# MarMenor/La Manga,hotel



## Rosemary (Aug 14, 2009)

We live near Alicante and want a weekend break down near Mar Menor. We are looking for a decent hotel, we would like to be near sea BUT also within walking distance of bars and restaurants. We are coming in March so its low season. Hubby cant walk too far due to health problems, any and all suggestions would be really welcome. I have looked online but its hard to know from the info what the actual location is like. 
As we already live here, we dont really want to 'holiday' experience but an idea of the area. We have been considering moving that way so it will also be a chance to have a look about.
Thanks


----------



## Calas felices (Nov 29, 2007)

The best known resort on the Mar menor is Los Alcazares but it is very quiet in the winter. You are more likely to find hotels in La Manga but equally they will be very quiet.


----------



## Monkey Hangers (Jan 8, 2009)

*Los Alcazares*

Hi, I live 10 mins from Los Alcazares and would say within Murcia it will be the busiest, but still pretty quiet, lots of places are closed until April. If you stayed a little further North, Cabo Roig would be a good bet. Plenty bars to walk to on the Strip. A short cab ride to Villa Martin which is nice. Also if you're in the car you can go to the new La Zenia Boulevard. Lots of shops and eating places.


----------



## Rosemary (Aug 14, 2009)

Thanks, will have a look at Los Alcazares hotels unless you can recommend any?


----------



## Monkey Hangers (Jan 8, 2009)

Rosemary said:


> Thanks, will have a look at Los Alcazares hotels unless you can recommend any?

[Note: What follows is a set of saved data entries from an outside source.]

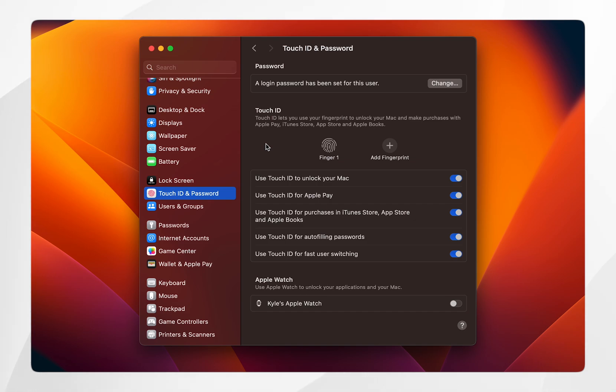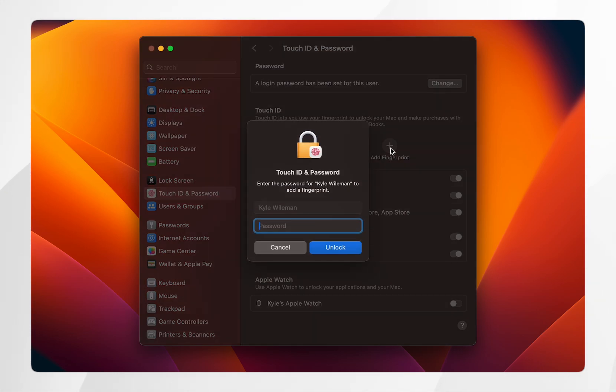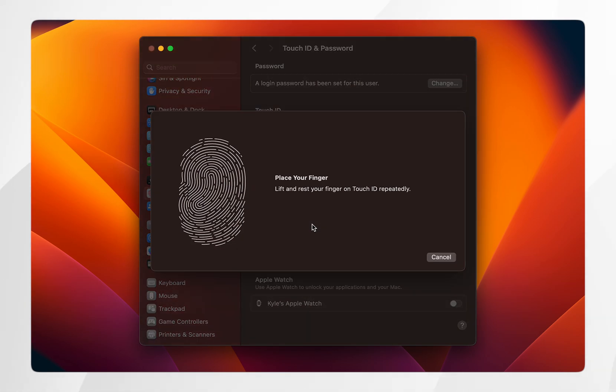However, if you want to add a Touch ID fingerprint, click on the add fingerprint button and then enter the password you use to sign into your Mac. Once you've done this, click on unlock and then follow the step-by-step instructions to add the Touch ID fingerprint to your Mac.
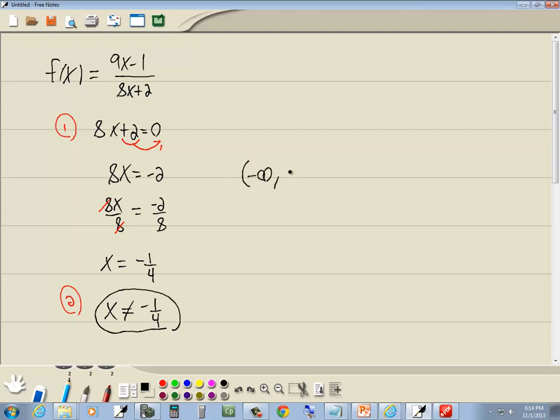Now if you prefer to write in interval notation, you'd go from negative infinity to negative 1 fourth. Then you'd go from negative 1 fourth to positive infinity. Parenthesis on everything with the union symbol in between them.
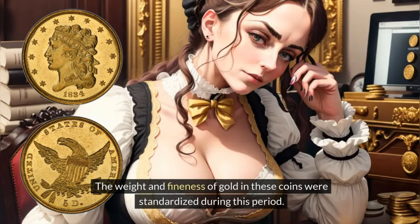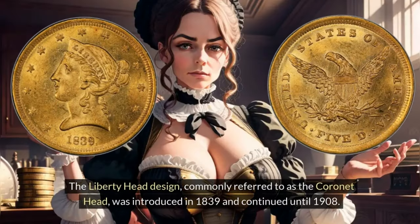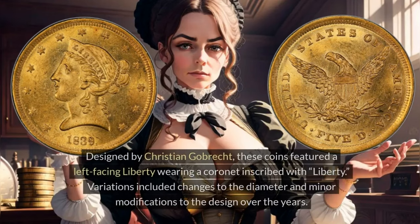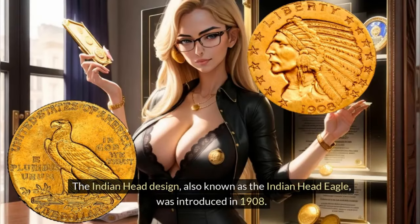The weight and fineness of gold in these coins were standardized during this period. The Liberty Head design, commonly referred to as the Coronet Head, was introduced in 1839 and continued until 1908. Designed by Christian Gobrecht, these coins featured a left-facing Liberty wearing a coronet inscribed with 'Liberty.' Variations included changes to the diameter and minor modifications to the design over the years.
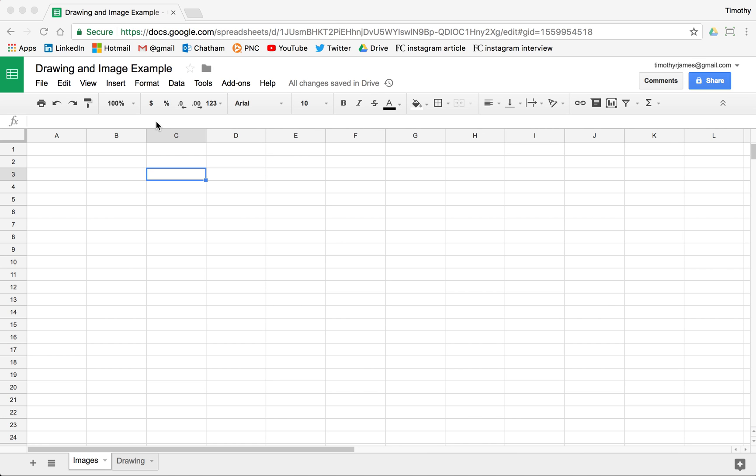In this video we're going to demonstrate how we can insert images into our spreadsheet as well as creating some drawings.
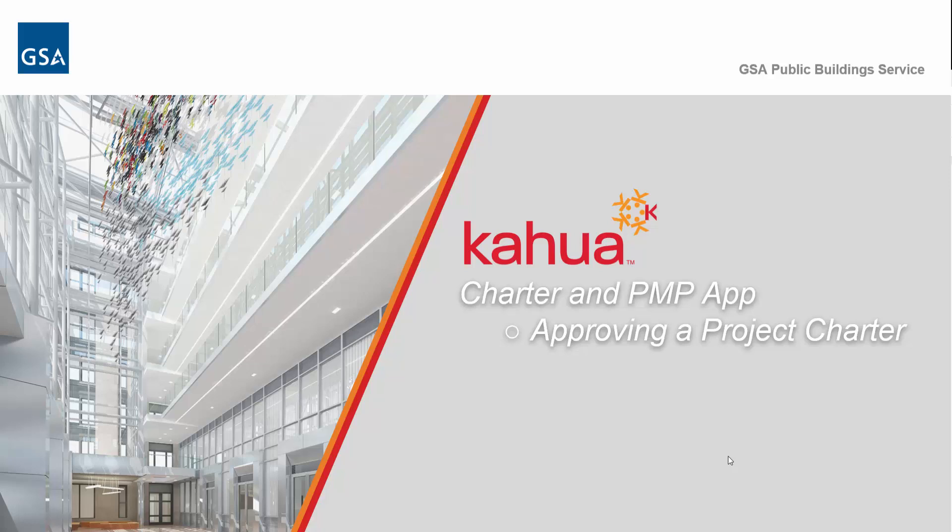Welcome to GSA's Kahua eLearning Series. In this video, we'll walk through the steps to approve a Project Charter.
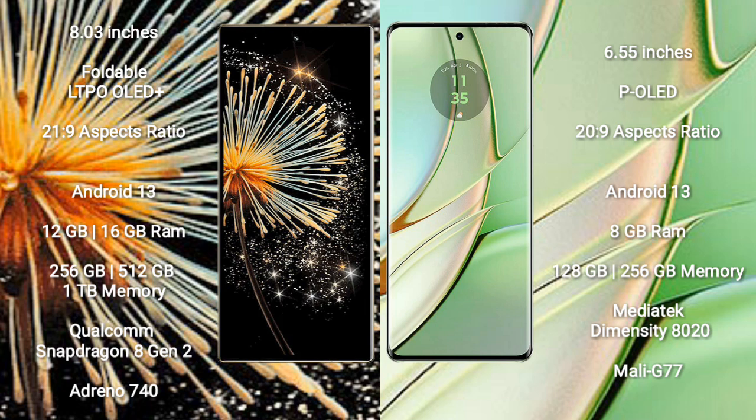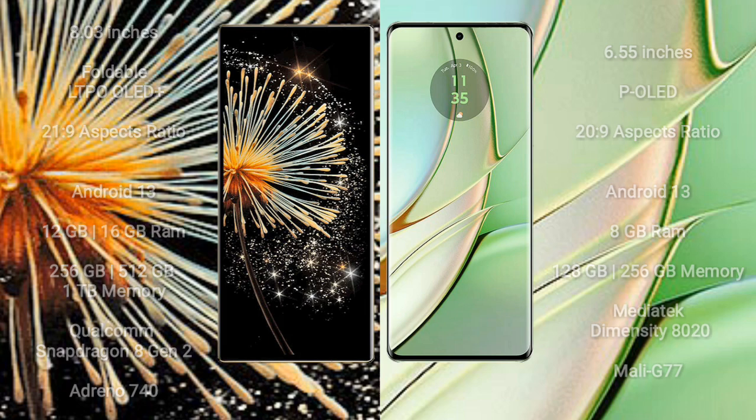Motorola Edge 40 comes with 8GB RAM and 128GB, 256GB internal storage, MediaTek Dimensity 8200 processor, and GPU Mali-G77.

Haven't stayed there, but Hotel CostaNarejos.Los Alcazares, Mar Menor, Murcia is ideally situated near the beach and some pubs and restaurants a Mercadona and a Dia are close by. They are doing some great deals out of season, free accommodation if you have their evening meal and breakfast. It seems popular and I had a walk into the reception area when my sister visited as she was thinking of coming back with friends and taking advantage of the deals. Looked really nice.


----------



## fergie (Oct 4, 2010)

There is also another hotel in Los Alcazares, its called 525 and is on Rio Boraines, where there are lots of restaurants,and opposite a Mercadona supermarket, the hotel also has its own restaurant, it looks very nice, no sure if they do any special deals like Hotel Costa Narajos, but it might be worth asking.


----------



## Rosemary (Aug 14, 2009)

Thats amazing, I was just about to post a question about this one. Found it when looking at the area, reveiws are very good but just wasnt sure about area. Looks okay, seems to be next to some sort of open park/square. I know its in with shops etc but we dont mind that. Nice to have restaurants about, we dont want to stay all the time in the hotel, we want to look about too


----------



## Rosemary (Aug 14, 2009)

Last one. on this!
I had a look on Trip Advior and the 3rd most popular seems to be the Hotel Cristina. Any comments on this one appreciated. 
At present best price is CostaNarejos, with deals you can get half board, 2 nights for 142 euro.
The 525 is 196 euro with breakfast but I think possily a better central location?
That just leaves the Cristina which is 156 euro for 2 nights B & B. But willing to pay the extra for bettr location


----------



## Monkey Hangers (Jan 8, 2009)

*Hotels*

Hotel 525 is at one end of the Rio Nalon, Los Narejos is at the other end. It's the same Mercadona both of us have mentioned. Christina is nearer Los Narejos hotel. Not sure what it's like. They are all as we would say 'within spitting distance' of each other. Wouldn't like to pick one for you, but for location, there's really not much difference, you'll be drinking in the same bars and eating in the same restaurants. Go with what is best value for you.


----------



## Rosemary (Aug 14, 2009)

Thanks


----------



## Rosemary (Aug 14, 2009)

Well , finally got it booked. We had a short of list of Hotel Cristina and Narejos in Los Alcazares. The latter was closed through winter and the weekend we wanted was its opening weekend and we could not go on the friday.
Therefore we booked Cristina,with a sea view and it looks very nice. Thank you everyone who contributed, it was really helpful :clap2:

Now, my next query. Is there any remote possiblity that there is a Greek restaurant either there or maybe Cartagena?
We would also like to see if there any art galleries or museums in the locality
Again, any info would be brilliant.


----------



## Monkey Hangers (Jan 8, 2009)

Glad you got fixed up with accommodation, I did see Narejos was closed and getting the decorators in!
Can't say I've seen a Greek Restaurant in Los Alcazares. Cartagena isn't somewhere I've dined, but there are lots of places to eat there so you might strike it lucky. 
Museums and galleries aren't my thing, but if you check out a web site www.costacalida.angloinfo.com and ! Murcia Today - News - What's On - Where to Go - Where to Eat in Murcia Costa Calida Spain - Simply Networking you should find what you're looking for.


----------



## Rosemary (Aug 14, 2009)

Thanks , i will check this out


----------